GSA Annual Meeting, November 5-8, 2001

Paper No. 0
Presentation Time: 2:15 PM

ISOTOPIC RECORDS FROM VENERICARDIA BIVALVES: IMPLICATIONS FOR EARLY EOCENE CLIMATE


IVANY, Linda C., Department of Earth Sciences, Syracuse Univ, Syracuse, NY 13244, JOHNSON, Emily, Department of Geological Sciences, University of Michigan, Ann Arbor, MI 48109, COHEN, Greg, Department of Earth Sciences, Syracuse University, Syracuse, NY 13244 and WILKINSON, Bruce H., Department of Geological Sciences, Univ of Michigan, Ann Arbor, MI 48109, lcivany@syr.edu

Accretionary aragonite from a specimen of the bivalve Venericardia hatcheplata collected from the early Eocene Hatchetigbee Formation in southwestern Alabama was milled out along a transect across the growth axis of the valve and the samples analyzed for their stable isotopic compositions. A total of 140 samples define the range of seasonal variation in d18O for 8 years of growth. Mean composition falls about -3.5‰, and ranges from about -5‰ to -2‰. The amplitude of variation is very regular, with peaks and troughs falling at about the same values except for some attenuation the last two years. This pattern of isotopic variation is similar (in both mean and amplitude of seasonal variation) to that reported for Venericardia planicosta from the early middle Eocene near Hampshire, England, by Purton and Brasier (1999). Unlike the Alabama specimen, however, the English record is cuspate, indicating growth cessations during the cold month(s).
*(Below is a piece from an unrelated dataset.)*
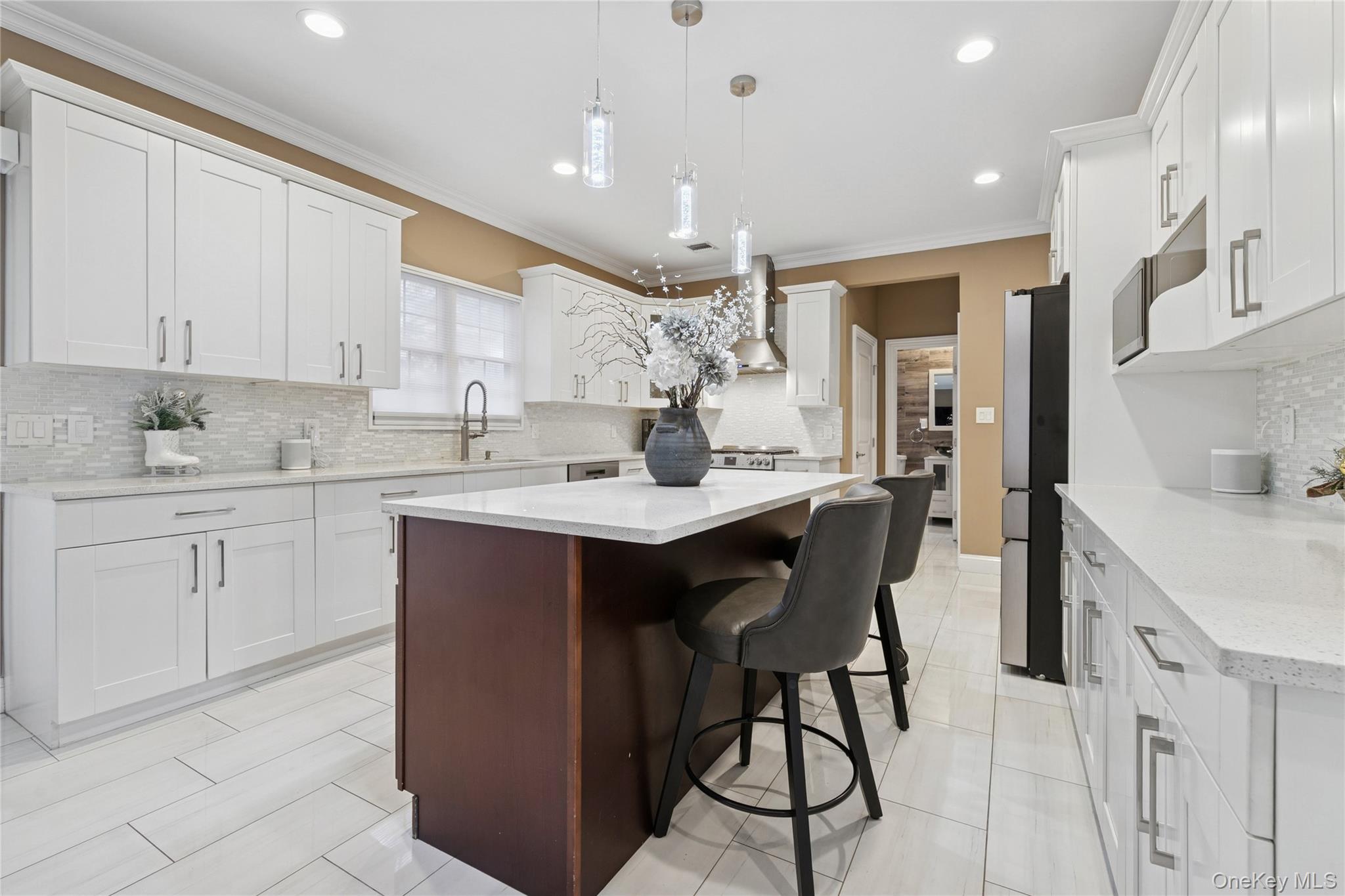 5 Vernon Street, Plainview, NY 11803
The isotopic values reported here are more negative than expected, even for early Eocene greenhouse conditions. Assuming an ice-free world and an ocean composition of -1‰, paleotemperatures for the Alabama bivalve calculated using Grossman and Ku (1986) range from 25° to 38°C, with a mean of about 31.5°C. Possible explanations for these warm temperatures include freshwater mixing, vital effects resulting in nonequilibrium precipitation, and/or unusually light Eocene shelfal waters. The regular and consistent pattern of variation in this record suggests that reduced salinity due to seasonal influx of meteoric water is not responsible because negative seasonal peaks would be expected to be more variable. In addition, it is unlikely that the same fluctuating salinity conditions would exist within these two localities separated by considerable distance and several million years of time.
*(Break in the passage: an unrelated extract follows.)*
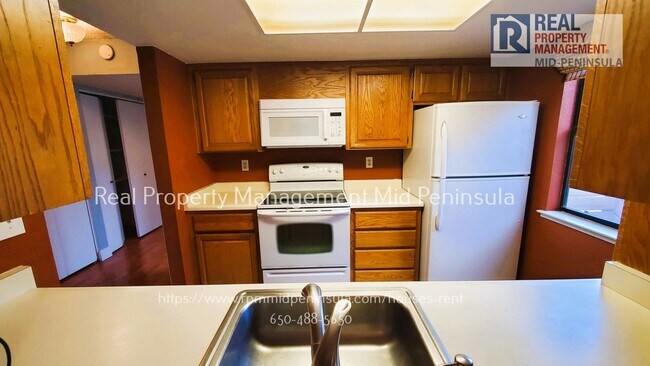 Foto del edificio - Just Renovated! Spacious 2 Bed, 2 Bath Top...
As the last explanation is difficult to substantiate, it is most likely that Venericardia did not precipitate shells in isotopic equilibrium with seawater. Importantly, the range of seasonal temperature variation recorded in these two shells, regardless of mean values, is about 13°-14°C. This range is surprisingly high for early Eocene presumably equable climates, and may necessitate a reevaluation of climate conditions in the low to mid latitudes during this time.